Satgas Yonkav 13/SL dan Kodim Nunukan Gagalkan Penyelundupan Miras asal Malaysia

52
×

Satgas Yonkav 13/SL dan Kodim Nunukan Gagalkan Penyelundupan Miras asal Malaysia

Sebarkan artikel ini
IMG 20260418 171541
Foto: Anggota Satgas Yonkav 13/Satya Lembuswana mengamankan barang bukti ratusan miras milik pelaku yang akan diselundupkan di wilayah Sebatik Barat, Nunukan, Kalimantan Utara.

NUNUKAN, Sabtu (18/4) suaraindonesia-news.com – Ketegasan dalam menjaga kedaulatan dan keamanan di beranda terdepan NKRI kembali membuahkan hasil.

Satgas Pamtas RI–Malaysia Yonkav 13/Satya Lembuswana (SL), bersinergi dengan Unit Intel Kodim 0911/Nunukan, berhasil menggagalkan upaya penyelundupan minuman keras (miras) ilegal di wilayah Sebatik Barat, Kabupaten Nunukan, Kalimantan Utara.

Operasi penggagalan ini berlangsung dramatis pada Jumat dini hari (17/4/2026). Bermula dari laporan masyarakat yang resah akan aktivitas mencurigakan di Jalan Sinta, Kampung Keramat, aparat gabungan langsung bergerak cepat melakukan pengintaian (ambush) di titik-titik rawan jalur tikus perbatasan.

Sekitar pukul 01.25 WITA, tim patroli mendeteksi pergerakan dua orang mencurigakan yang memikul barang dari arah Malaysia masuk ke wilayah Indonesia. Menyadari kehadiran petugas, kedua pelaku nekat melarikan diri.

Pengejaran pun terjadi hingga mendekati patok batas negara, namun pelaku berhasil meloloskan diri dengan memanfaatkan kegelapan hutan menuju wilayah Malaysia.

Meski pelaku lolos, kesigapan petugas dalam menyisir area semak belukar membuahkan hasil. Tim menemukan timbunan barang bukti yang sengaja disembunyikan.
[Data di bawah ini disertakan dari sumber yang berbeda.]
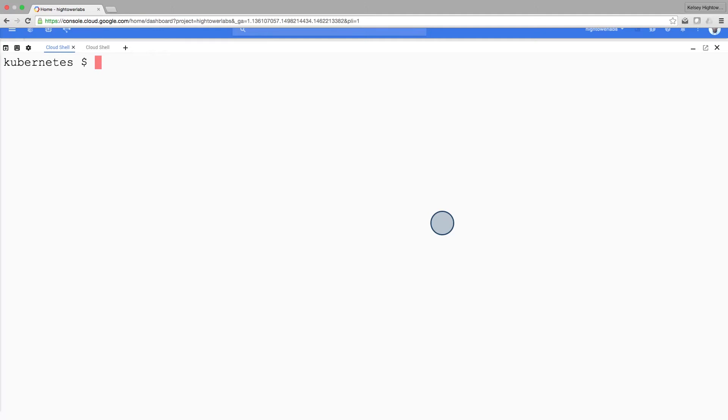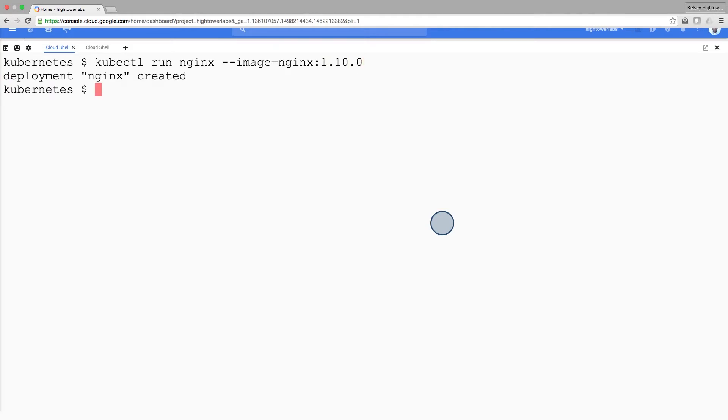The easiest way to get started with Kubernetes is to use the kubectl run command. Let's use the kubectl run command to launch a single instance of the nginx container.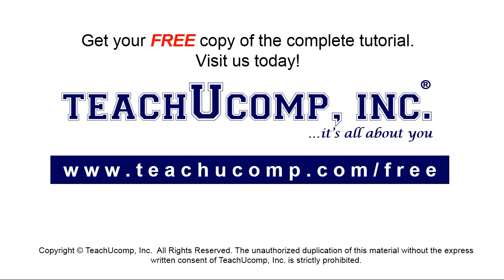Get your free copy of the complete tutorial at www.teachyoucomp.com forward slash free.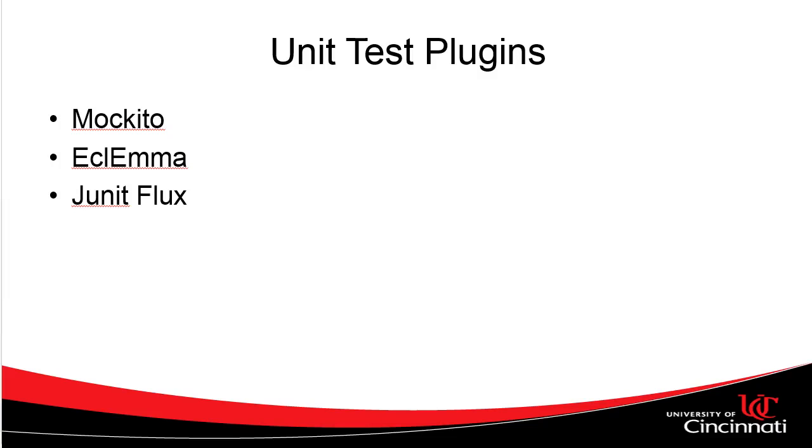In this video, we're going to take a look at JUnit Flux. JUnit Flux allows us to automatically run unit tests when we save any change to a Java program.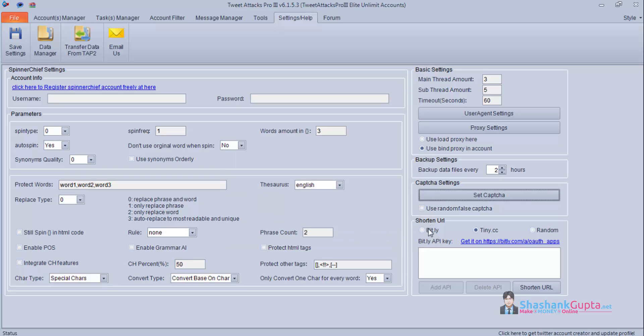For shortening the URL, if you have a Bit.ly API key you can place it here. Otherwise you can use Tiny.cc service. So this is all about Twitter Tech Pro tutorial. Hope you enjoyed all the videos. If you have any questions or suggestions you can use the below comment box. Also please check my blog, I have lots of posts on Twitter Tech Pro. And do subscribe to my YouTube channel. Thanks.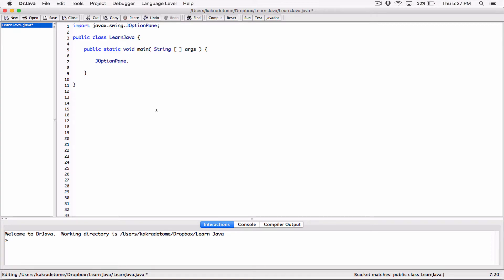So we call one of the methods — one of the methods allows us to pop up a dialog box that displays a message to the user. To do that, the method name is called showMessageDialog. It's in camel case — the first letter is lowercase, then the first letter of any other word is capital. So: JOptionPane dot showMessageDialog. Since it's a method, we have to add parentheses. This method accepts arguments.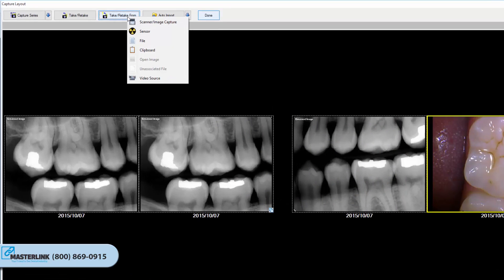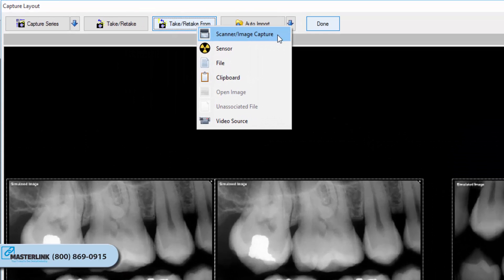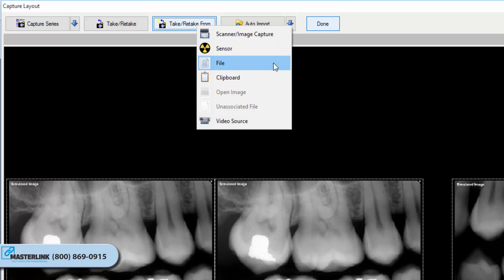Here are the different Take Retake From choices. Scanner Image: the software will prepare to capture from an imaging device extension, flatbed scanner, or other Twain-enabled device. Sensor: the software will prepare to capture from a digital x-ray sensor. File: the software will prepare to import images from the local hard drive, network, or media device attached to the computer. Clipboard: the software will prepare to acquire an image stored in the computer's memory via the copy function.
Dari hasil pemeriksaan, petugas mengamankan sedikitnya 192 botol/kaleng miras berbagai merek, di antaranya 132 botol R&B Montoku, 48 kaleng R&B Beer, dan 12 botol R&B Likeur. Total nilai barang ilegal tersebut ditaksir mencapai Rp15.200.000. Seluruh barang bukti kini telah diamankan di Pos Bukit Keramat untuk proses lebih lanjut.

Kapendam VI/Mulawarman, Kolonel Inf Gatot Teguh Waluyo, menegaskan bahwa keberhasilan ini adalah bukti nyata sinergi antar unsur TNI di lapangan. Ia memastikan tidak ada ruang bagi aktivitas ilegal di wilayah perbatasan.

“Kodam VI/Mulawarman tidak akan memberi toleransi terhadap segala bentuk pelanggaran hukum di perbatasan. Patroli dan pengawasan akan terus kami tingkatkan, bukan hanya soal kedaulatan, tapi juga untuk melindungi masyarakat dari dampak negatif barang-barang ilegal,” tegas Kolonel Inf Gatot dalam keterangannya, Sabtu, (18/4).

Keberhasilan ini mempertegas komitmen Satgas Pamtas Yonkav 13/SL dalam menjaga stabilitas keamanan dan memastikan setiap jengkal tanah perbatasan tetap kondusif dari praktik kriminalitas lintas negara.